In training, the model is trained to predict the exact sequence of words of a text. In other words, it is reproducing the text repeatedly for its own trainings. The by-product of this training is that it influences model weights to make the text more likely to be produced by the model -- that is its explicit goal. A perfect model would be able to reproduce the text perfectly (0 loss).

Real-world absurd example: A company hires a bunch of workers. They then give them access to millions of books and have the workers reading the books all day. The workers copy the books word by word, but after each word try to guess the next word that will appear. Eventually, they collectively become quite good at guessing the next word given a prompt text, even reproducing large swaths of text almost verbatim. The owner of company Y claims they owe nothing to the book owners, because it doesn't count as reading the book, and any reproduction is "coincidental" (even though this is the explicit task of the readers). They then use these workers to produce works to compete with the authors of the books, which they never paid for.

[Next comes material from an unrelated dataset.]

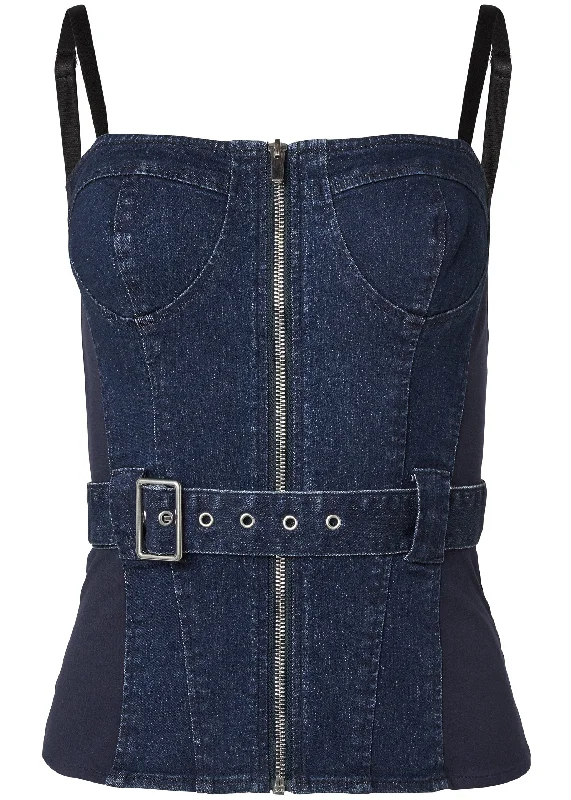 Denim bustier top  - Denim Multi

It seems many people feel this is "fair use" when it happens on a computer, but would call it "stealing" if I pirated all the books of JK Rowling to train myself to be a better mimicker of her style. If you feel this is still fair use, then you should agree all books should be free to everyone (as well as art, code, music, and any other training material).

▲

gruez 4 days ago | parent | next [-]

>but would call it "stealing" if I pirated all the books of JK Rowling to train myself to be a better mimicker of her style

Can you provide an example of someone being successfully sued for "mimicking style", presumably in the US judicial system?

	▲	snowe2010 3 days ago \| parent \| next [-]
		> Second, the songs must share SUBSTANTIAL SIMILARITY, which means a listener can hear the songs side by side and tell the allegedly infringing song lifted, borrowed, or appropriated material from the original. Music has had this happen numerous times in the US. The distinction isn’t an exact replica, it’s if it could be confused for the same style. George Harrison lost a case for one of his songs. There are many others. https://ultimateclassicrock.com/george-harrison-my-sweet-lor...
	▲	program_whiz 4 days ago \| parent \| prev \| next [-]
		The damages arise from the very process of stealing material for training. The justification "yes but my training didn't cause me to directly copy the works" is faulty. I won't rehash the many arguments as to why the output is also a violation, but my point was more the absurd view that stealing and using all the data in the world isn't a problem because the output is a lossy encoding (but the explicit training objective is to reproduce the training text / image).
	▲	Retric 4 days ago \| parent \| prev [-]
		Style in an ambiguous term here as it doesn’t directly map to what’s being considered. The case between “Blurred Lines” and “Got to Give It Up” is often considered one of style and the Court of Appeals for the Ninth Circuit upheld copyright infringement. However, AI has been show to copy a lot more than what people consider style.

▲

Dylan16807 4 days ago | parent | prev [-]

> In training, the model is trained to predict the exact sequence of words of a text. In other words, it is reproducing the text repeatedly for its own trainings.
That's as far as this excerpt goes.